Выбрать главу

В следующей книге автор без излишнего драматизма, несколько даже суховато подводя итоги, неожиданно задает (себе? небесам?) по-детски беспомощный вопрос: “Что мне делать с зимующей музою, с растерявшейся музой моей?” Ради ответа на этот вопрос и написана книга “Названия нет”. Она построена на столкновении удивительной, почти потусторонней трезвости взгляда (“жизнь моя — оптический обман”) и “отчаянной, обреченной музыки”. Самое удивительное, что автору хватает вкуса и мужества, констатировав, что “есть музыка на грани / отчаянья”, — грань эту не переступить: “несговорчивой силою тяжести утешаюсь на старости лет”.

 

                                                   …говори же, не мешкай — осталось так

мало времени, что терять его — грех. В неуемной почве, в немолодых пластах

(состоящих из гравия, фекалий дождевых червей и истлевшей жизни, как ни крути)

я еще не лежу, но уже, озираясь, перед сном начинаю невольно твердить — прости

сломанной ветке черешневой, ненакормленному вовремя голубю, ангельской голытьбе,

неизвестно кому, обреченному воздуху, сумасшедшей сверхновой, светлая, и тебе.

 

“Обреченный воздух” здесь — не столько суверенный воздух стихотворца, воздух времени, в котором он жил, но и воздух культуры вообще. Вопросом о возможности, о небессмысленности поэтической речи Бахыт задается в стихах, в неявной форме апеллирующих к двум товарищам по “Московскому времени” (живому и ушедшему):

И то — пора и мне мужать, рассматривать серьезно

       пожитки собственные, в холщовый узелок

              увязанные в прихожей. Поздно, поздно

бузить, предчувствовать, раскаиваться. Видит Бог,

                     что всяк, кичащийся иллюзией о даре

                            небесном, о восторгах юных жен,

не прав — ему, подобно псу, скворцу и прочей твари,

                                   предел от века положён.

Но наиболее актуальным для Кенжеева на сегодняшний день, похоже, является разговор с Бродским, в котором перемешалось все: и благодарность, и неизбежная ревность, и некая подспудная тяжба. Замечательно, что тяжба эта осуществляется исключительно посредством поэтики, никогда не выходя на декларативный уровень. Так, за совершенно “бродским” зачином:

Молоток судьи, покрытый истершимся каучуком, декабрьский свет

из окна запыленного, мантия, попахивающая нафталином

или спекшимся электричеством, твердое “да” и сухое “нет”... —

следует неожиданное: “Если полынь горька, то и смерть крепка…” — и далее головокружительный пассаж, в котором смешались и “народовольческие удальцы” “в величьи своем былинном”, и “досужие суфражистки”… Все это совершенно фантастическое стихотворение вообще оказывается написанным как бы от лица отца Франца Кафки.
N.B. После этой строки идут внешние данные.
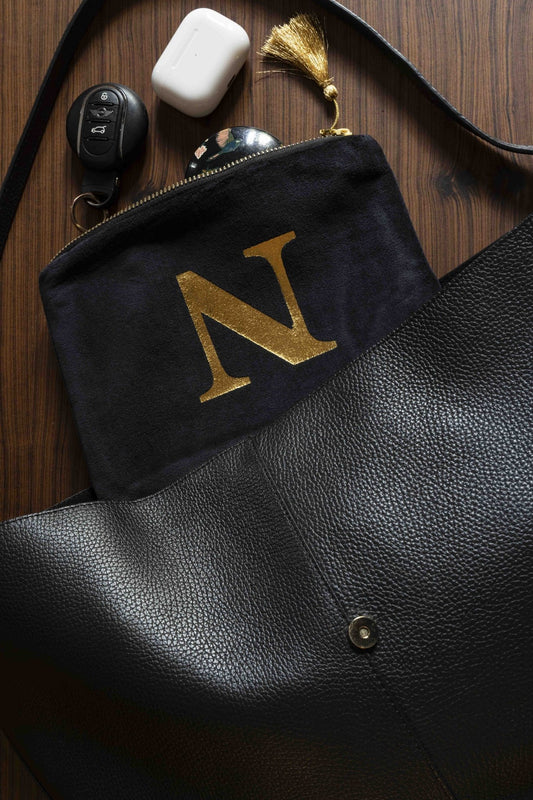 Neceser De Terciopelo Negro Con Inicial Dorada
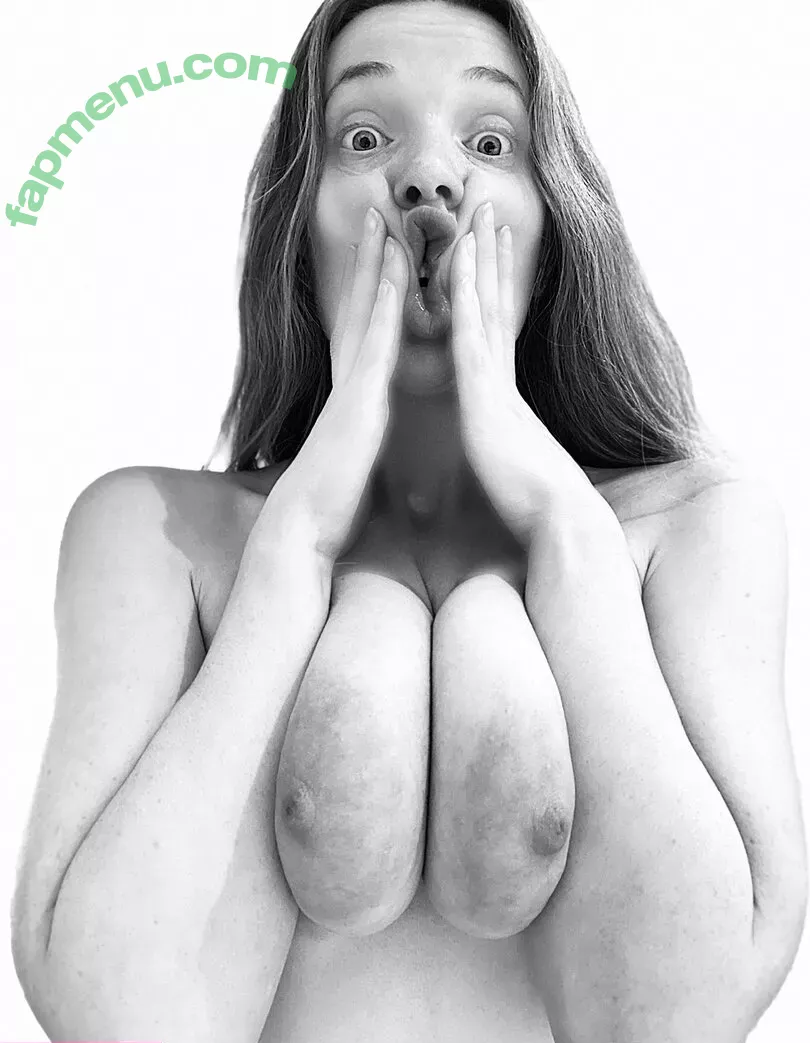 redbuns nude photo #0012 (redbuns)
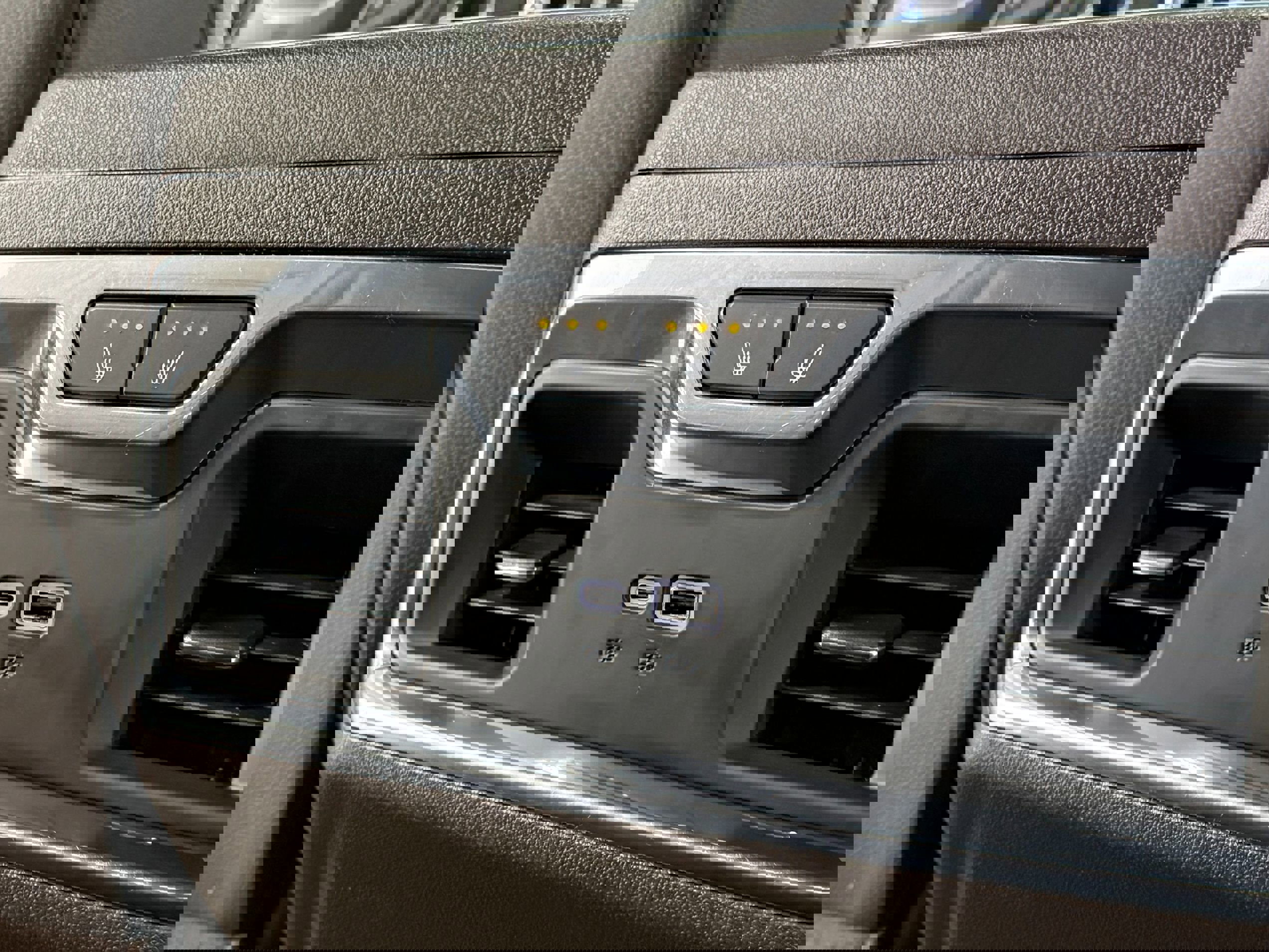 Used 2024 GMC Sierra 2500 Denali w/ Denali Reserve Package image 37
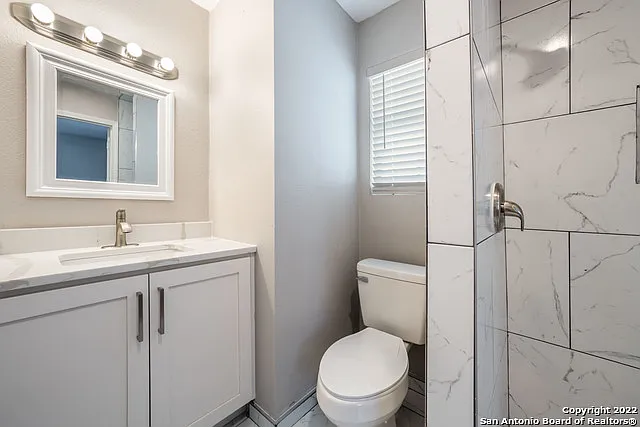 810 E Euclid Ave — Photo 25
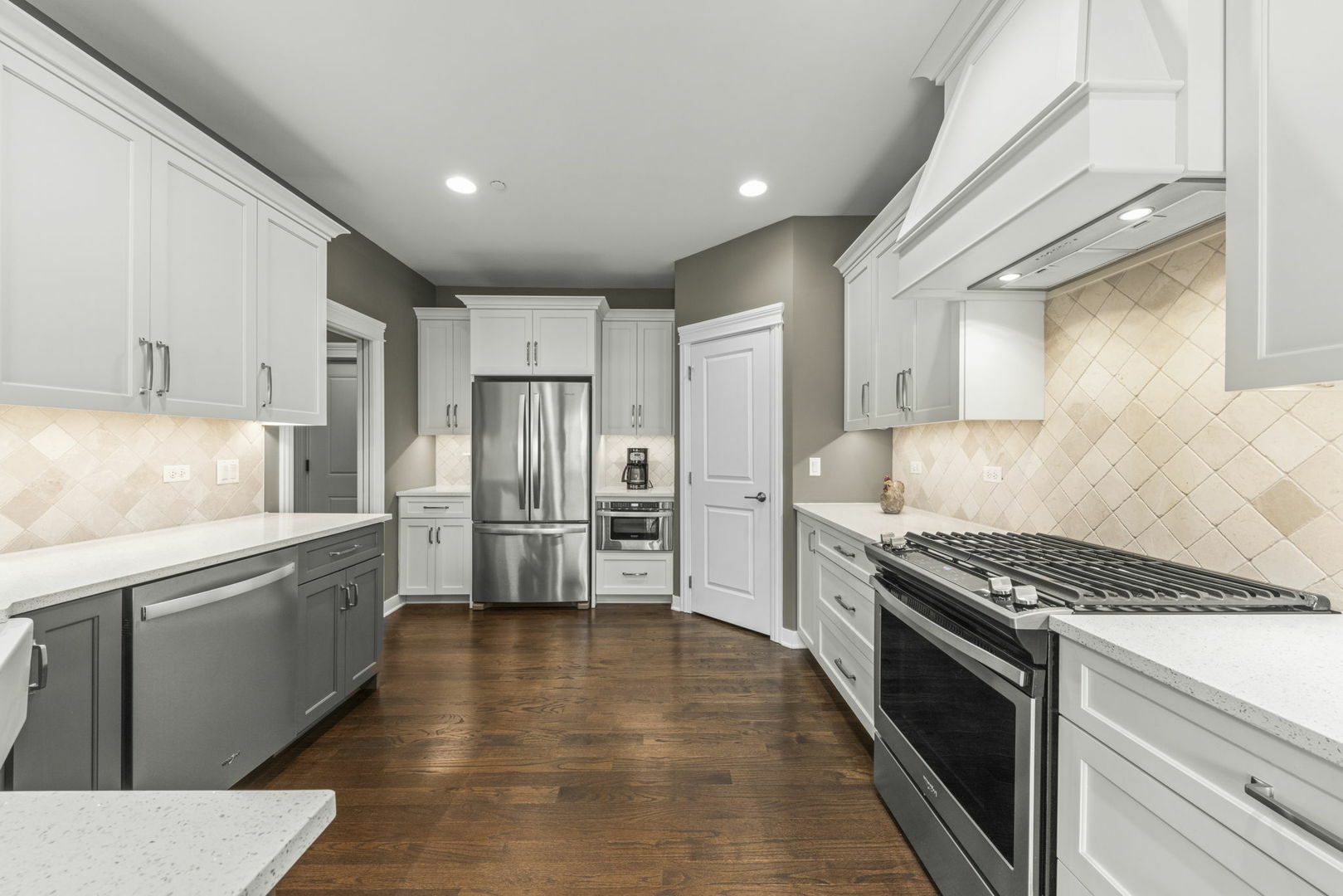 Property Photo: 633 Bourbon Court IL 60565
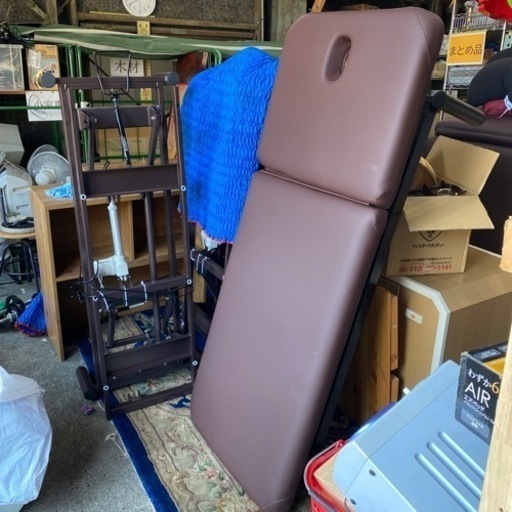 値下げ エステベッド 電動 高さ調整付き フットコントローラー付き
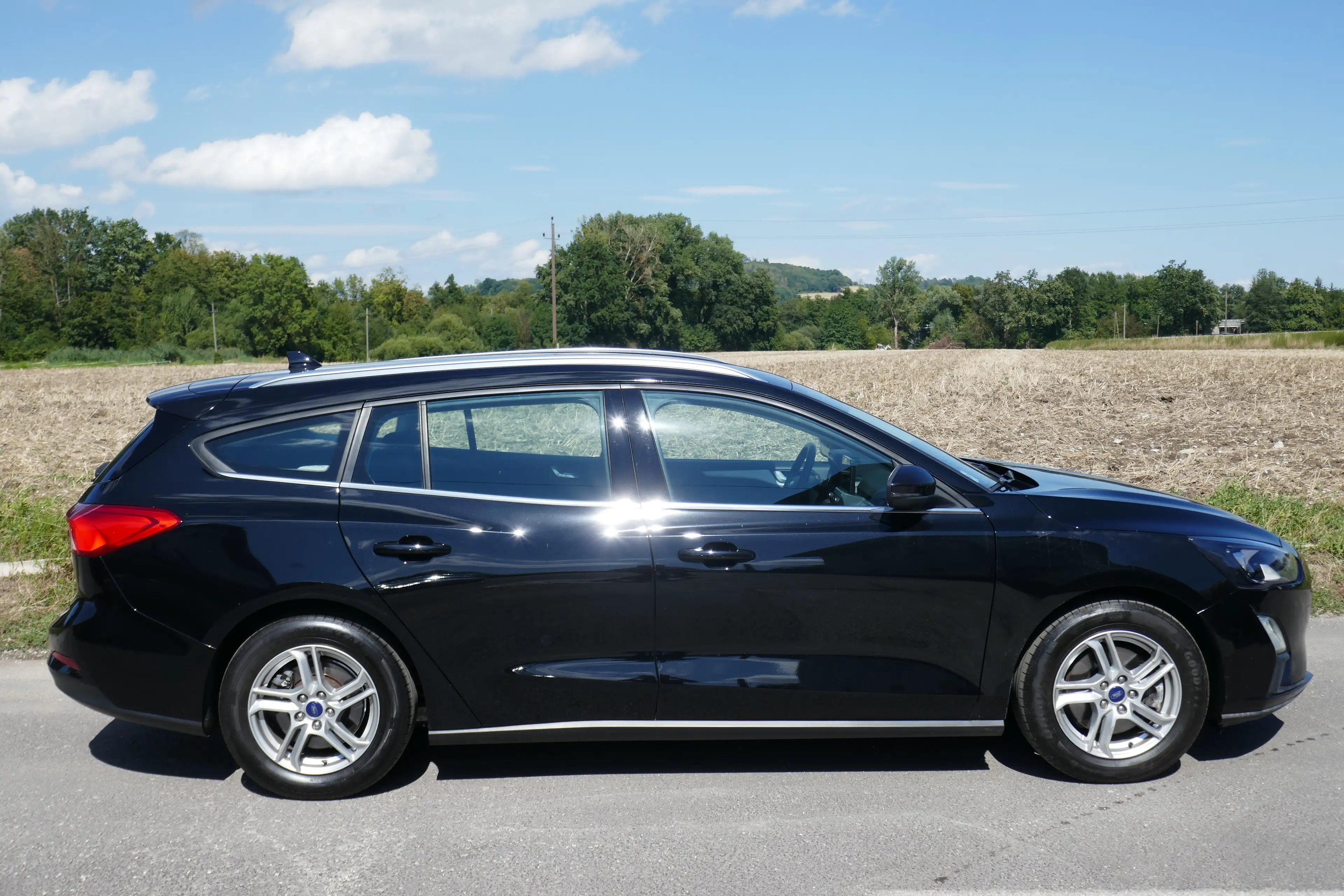 Ford Focus Cool&Connect — photo 3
Нечто подобное происходит и в вызывающе перекликающихся с “Письмами династии Минь” стихах о глиняной армии императора Цинь-Ши-Хуанди:

…Шесть с лишним тысяч, терракотовых, молодых, безо всякой вины

простодушно закопанных в могильную землю у подножья Великой Стены.

Но непосредственно за этим следует свое, суверенное и своевольное:

Так называлась свиная тушенка без имбиря, но с чесноком и лавровым листом,

что в период великой любви меж Цинь-Ши-Хуанди и белым царем

пересекала Амур в контейнерах, на пыхтящих паромах. Чем мы с тобой

за нее расплачивались — ураном ли? юностью? уссурийской морской травой?

Вероятней всего, ничем. Жестяные банки, ящики, покрывающий их тавот —

для тиранов — пустяк…

Разговор с Бродским находит свое разрешение в замыкающем книгу цикле венецианских стихов. Стихи эти продиктованы любовью и признательностью: “И я хотел бы жить в твоем раю — в полуподводном облачном краю”. Венеция здесь, оборачиваясь той самой “провинцией у моря” из хрестоматийного стихотворения, одновременно вызывает в памяти маленький порт “в глубине Адриатики дикой” — из переведенного Бродским же стихотворения Умберто Саба.